If you were to ask Batesies why they chose Bates, a lot of them will say the same thing: community. Bates prides itself on its diversity and close knit community, yet people want to remove it, with some students wanting Bates to have an athlete-only dining hall. I think that doing so would be a grave mistake.
Approximately 40% of Bates students are competing as varsity athletes (Bates College, 2017), with even more students participating in club or intramural sports. Most student athletes do everything with their teams; they work out together, they practice together, they party together and they sit together at Commons. Student athletes are virtually sequestered from the ‘NARPS’ (Non-Athletic Regular Persons), or simply put, the other 60% of the student body.

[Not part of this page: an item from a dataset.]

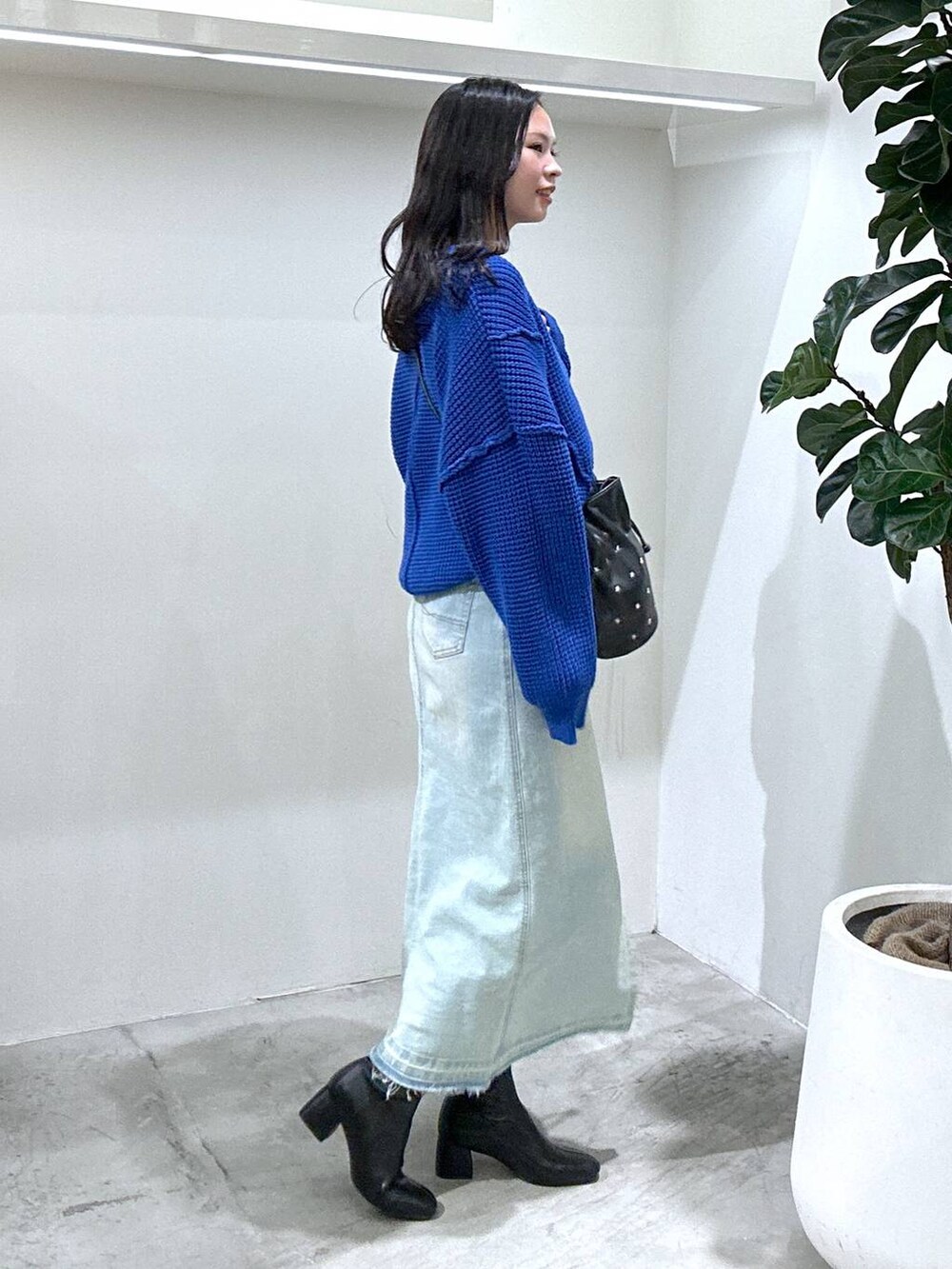 ブルー系のデニムスカート、ブラック系のショルダーバッグ、ブラック系のブーツを着用したレディースの冬コーディネートの3枚目の写真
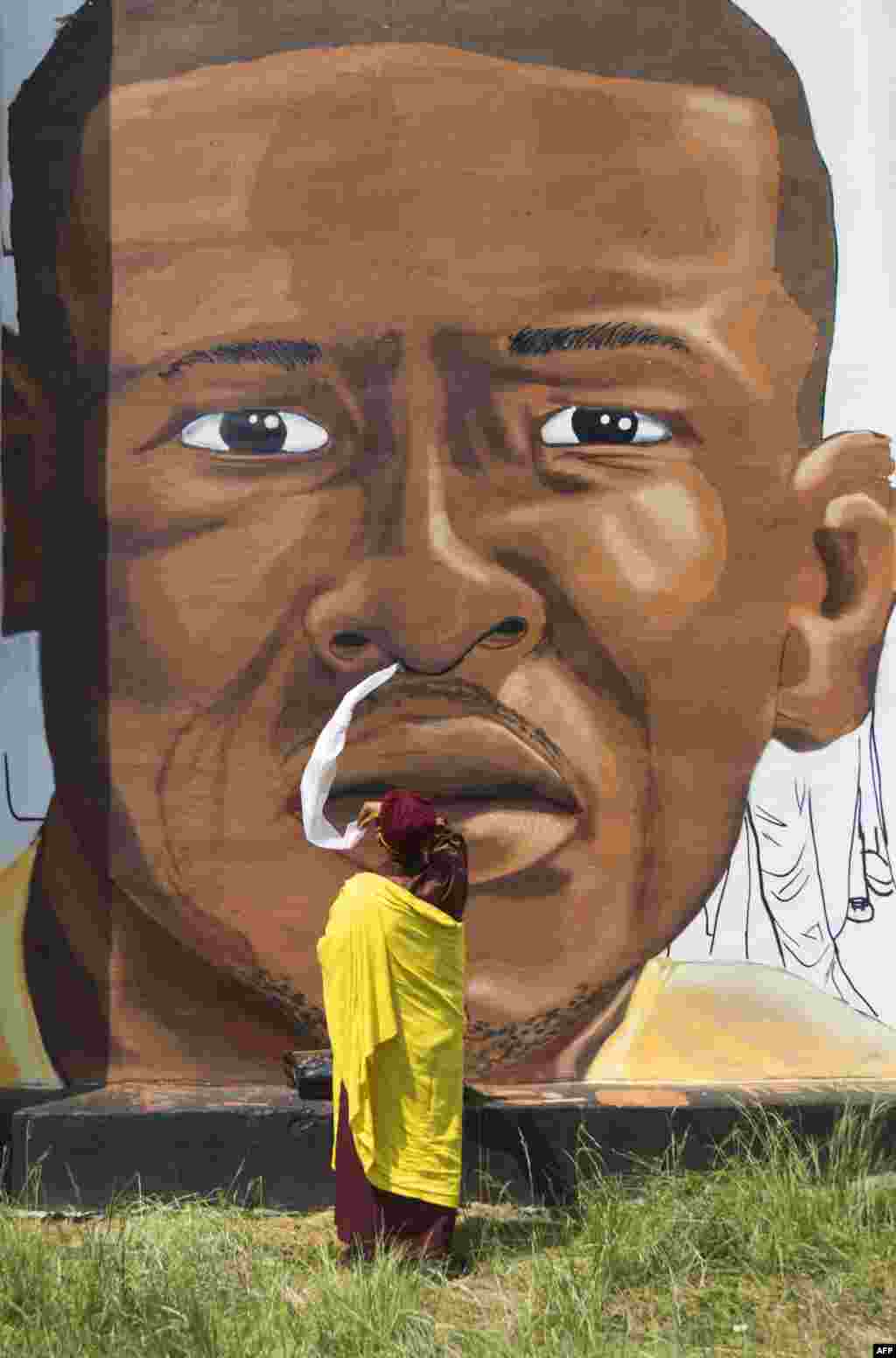 The Gyalwang Drukpa, a Buddhist leader, blesses a mural of Freddie Gray in Baltimore, Maryland.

Commons is an important part of the Bates experience. If you were to go on a tour of Bates, a talking point you would hear is that Commons is the only dining hall on campus. Meaning everyone eats there; faculty, the debate team, the sailing team, the radio and yes, even the athletes. This is not done by accident, it’s done to help foster the community that exists naturally because of Bates’ size.
Now, putting aside how I might feel about a separate dining hall socially, let’s think about it rationally. A separate dining hall would be costly and environmentally damaging.
Food waste is one of the worst problems contributing to environmental degradation. Bates hit carbon neutrality in 2019, with the Commons dining program being a contributing factor to that sustainability with a waste diversion rate of over 80%. While this could still be achieved with a second dining hall, it would be much harder.
Building and sustaining another dining hall would also be extremely expensive. Building Commons in 2008 cost Bates College $24 million to build (PUPN, 2015). Adjusted for inflation, that would be approximately $35,090,565.39 in 2024.
Bates Dining Services also employees about 90 people, a number that would have to double to sustain another dining hall. Aside from double the amount of people to pay, there is also double the amount of food to buy to fill both dining halls.
An athlete-only dining hall could be summed up in one word: ineffective. Commons is cost effective, environmentally effective and socially effective. Commons helps promote the Bates “community-minded ethos,” according to Christine Schwartz, assistant vice president of dining, conferences and campus events at Bates when she spoke to Private University Products and News in 2015. Why would we spend so much money, help in the destruction of our planet and lose a big part of Bates for a select group of 700 students?